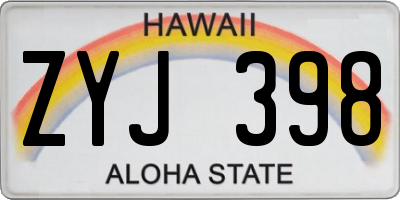 HI license plate ZYJ398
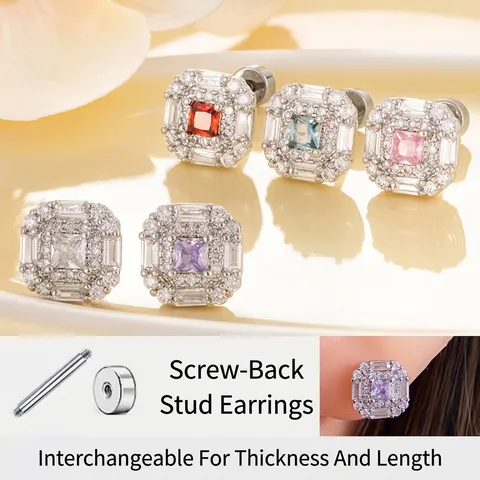 Titaniumstaal Vierkante Zirkonia Oorbellen Koper Kraakbeen Studs Vrouwen Schroefsluiting Veilig Slapen Geometrische Luxe Sieraden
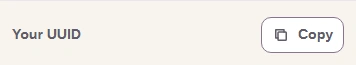 The Your UUID heading with a Copy button beside it.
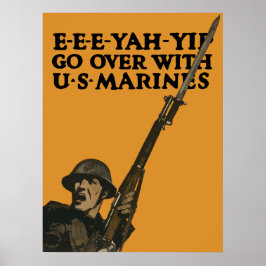 Gå över med amerikanska marinsoldater - WWI Poster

> Assignment: Copy the material above exactly and drop the pictures.

> Exercise response:
 HI license plate ZYJ398
 Titaniumstaal Vierkante Zirkonia Oorbellen Koper Kraakbeen Studs Vrouwen Schroefsluiting Veilig Slapen Geometrische Luxe Sieraden
 The Your UUID heading with a Copy button beside it.
 Gå över med amerikanska marinsoldater - WWI Poster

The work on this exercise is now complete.